Los Angeles is one of the epicenters of my life's work in arts management and cultural discovery. During my years of living in this entertainment capital, with its super-sized landscape, I loved navigating its maze of freeways and discovering a plethora of arts and cultural treasures around L.A. County. I fondly remember setting out in our grocery getter (a station wagon, that is) one Sunday afternoon in the late 1970s with my two little boys to visit one particular Los Angeles treasure: The Watts Towers. Before the visit, I had talked with several artist friends who suggested it was a very special place, and added that a pilgrimage to this national landmark site was certainly in order for a treasure hunter like myself.
As we parked across the street from the complex, my oldest son, David, about ten at the time, quizzically looked at me and said, "Mom, it looks kinda like a colorful rocket launch site that was maybe built in the wrong place?" As I vaguely recall, I responded that it did appear to be "other worldly." But as I got closer, I thought about Gaudi's mosaic installations and, of course, his still incomplete cathedral in Barcelona.
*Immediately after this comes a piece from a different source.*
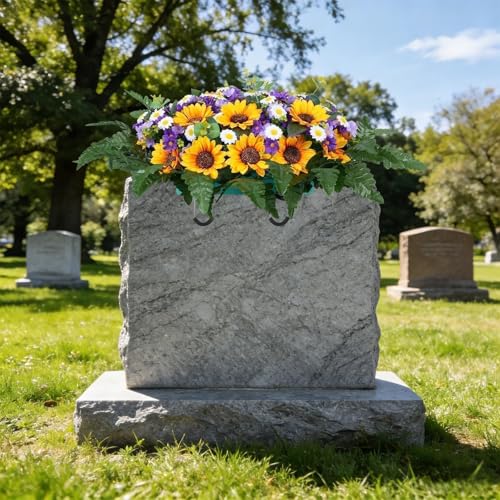 Zythrem Headstone Flower Saddle Cemetery Flowers for Grave Saddle Sunflowers with Artificial Wildflowers Memorial Flowers for Gravesite Orange Tombstone Saddles for Headstones Outdoor - color: Yellow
I quickly recognized that although this spectacular construction had some European antecedents, it was not a copycat of any monumental installations in Europe or anywhere else for that matter.
I was an art history student at Oberlin College in the 60s when I read about (Saba to), Simon Rodia, the Italian self-taught artisan who singlehandedly forged and sculpted the Towers over a 34-year period beginning in 1923. His neighbors, mostly Black and Hispanic working class homeowners, watched him fabricate a series of 17 structures, which he called "Maestro Pueblo" (our town), including three towers, the tallest of which is 99 and one-half feet tall. Years later, I watched a documentary film that presented the small-framed, short little man, scurrying up the towers with no scaffolding. He carried his tools secured in a window washer's belt, and a bucket thrown over his arm.
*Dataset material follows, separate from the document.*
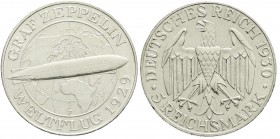 Weimarer Republik, Gedenkmünzen, 5 Reichsmark Zeppelin
1930 F. vorzüglich, kl. Kratzer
The metal armatures were embellished with glass, ceramic and thousands of found objects and materials of an astonishing variety of textures and sizes. He used steel rods to frame, and mortar to secure the elements. Using found objects from bottle caps to small appliances, this folk art masterpiece is an almost dizzying kaleidoscope of patterns and colors -- a real feast for the eyes. It was really an environment -- with places to sit, stand and admire and maybe even hide from the streetscape in little corridors.
Simon, early in the development of the site, reported to visitors that he wanted to build something BIG. When asked why he built it he usually answered, "For me."
His neighbors called him Sam. He bought the parcel on 107th Street in 1923 and worked diligently on his creation evenings and weekends. He supported himself as a construction worker and tile setter for most of the time he lived in his one room house on the property. He reportedly told visitors that he didn't hire helpers because he couldn't afford to pay them. A usually hospitable neighbor, he often let his neighbors use his property for special events. There were, however, reportedly times when minor conflicts arose; but they didn't impede his progress. In 1955, he abruptly left the property, deeded it to a neighbor, and moved to Martinez, California to be near his family. Over the years, it changed hands several times and was almost torn down. But it has survived. Thank God.
My recent return to the Towers was 30-plus years after my first visit. I was thrilled to see that it remains a dominant presence in this Watts neighborhood. It's now secured by a tall metal white fence, and open for a small admission fee with limited hours, to the public.
The additions to the property include a cultural center where a variety of activities including exhibitions by local artists are mounted regularly. There are also special events including a "Day of the Drum Festival" held every year in September.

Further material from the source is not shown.